■ TASK TO COMPLETE
Your answer should hold only the lines from the one with "Deluxe Double Room- Courtyard" through the end of the records, repeated exactly and minus any pictures.

Segment Start: THE INPUT

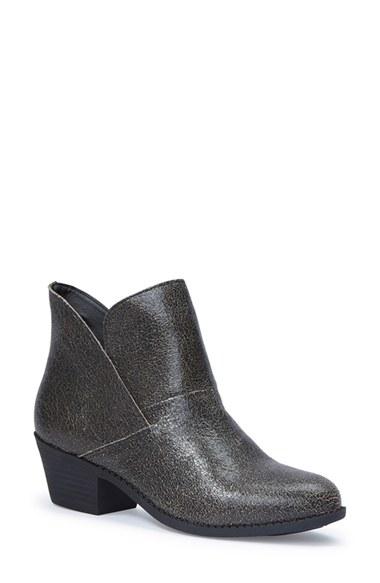 Women's Me Too 'zale' Bootie (women)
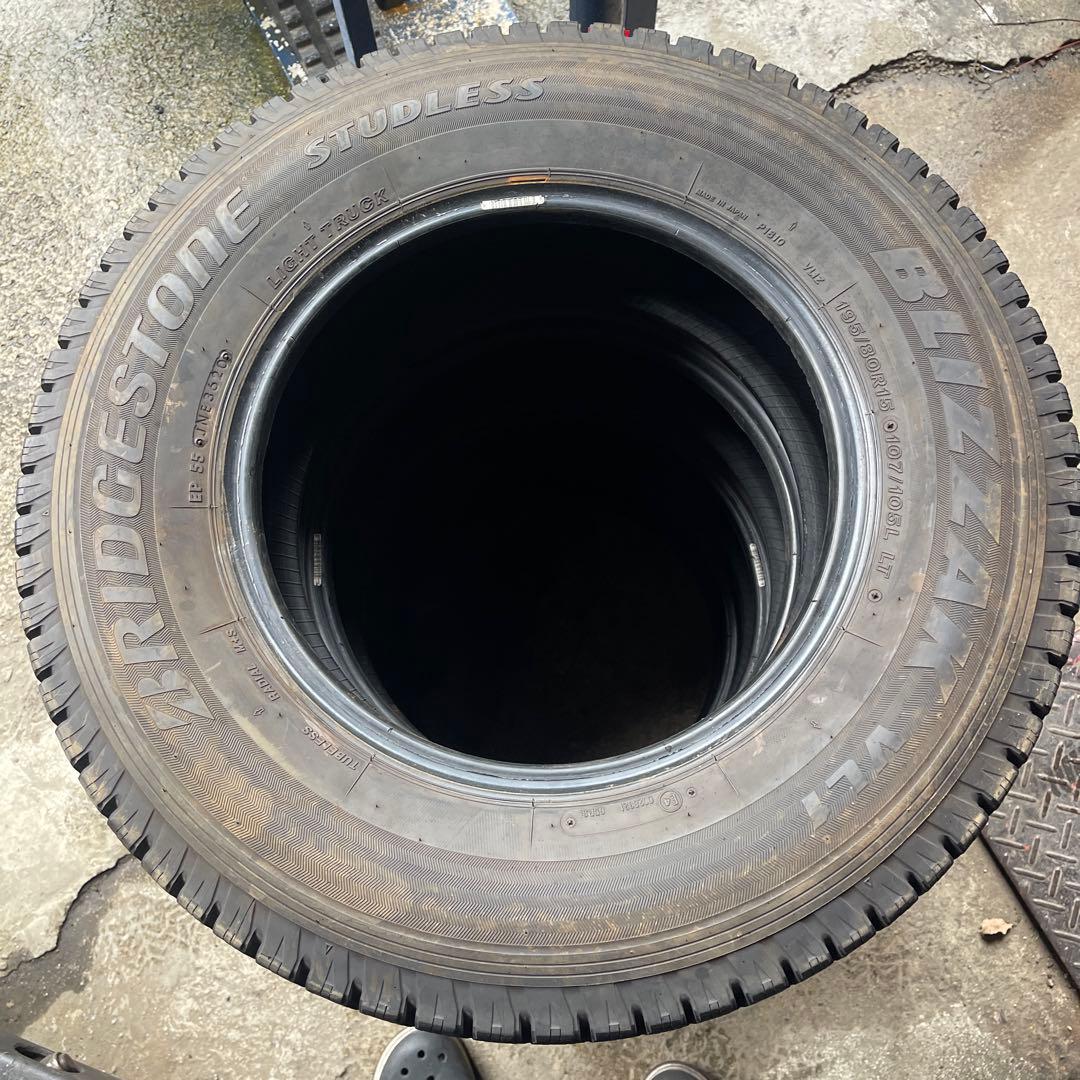 ブリヂストン ブリザック 195/80R15 LT4本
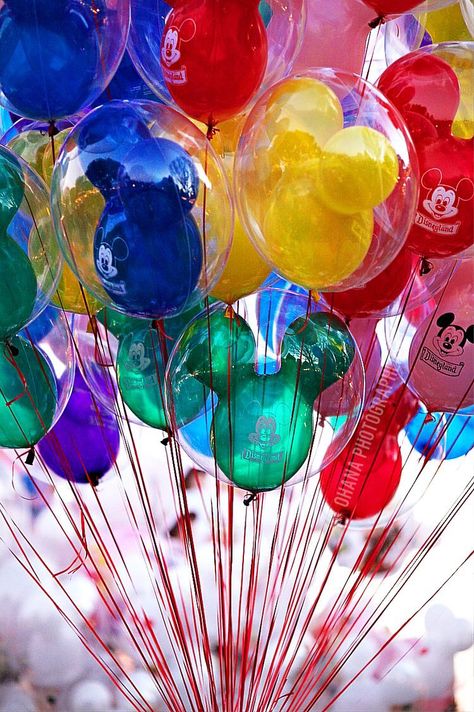 Happy Things Aesthetic, Disneyland Balloons, Disney Balloon, Pretty Balloons, Disney Balloons, Disneyland Pictures, Disney Photography, Disney Photos, Disney Aesthetic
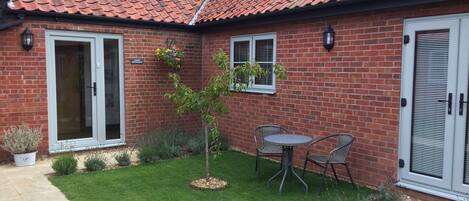 Deluxe Double Room- Courtyard | Terrace/patio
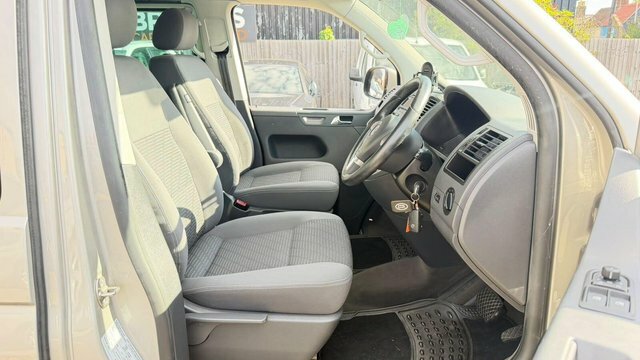 Volkswagen Caravelle 2L Executive Brown #9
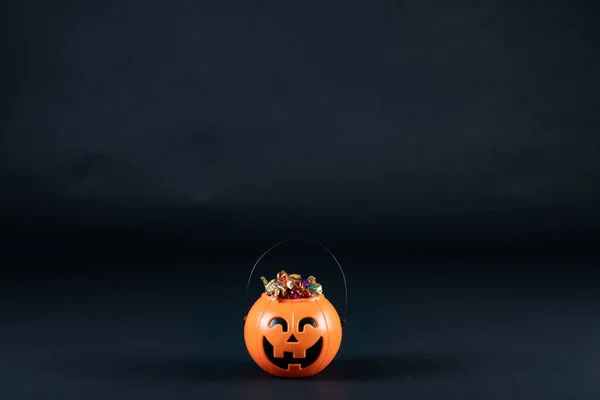Seau Forme Citrouille Halloween Plein Bonbons Sur Fond Noir Fête — Photo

Segment End: THE INPUT

■ FINISHED EXERCISE
 Deluxe Double Room- Courtyard | Terrace/patio
 Volkswagen Caravelle 2L Executive Brown #9
Seau Forme Citrouille Halloween Plein Bonbons Sur Fond Noir Fête — Photo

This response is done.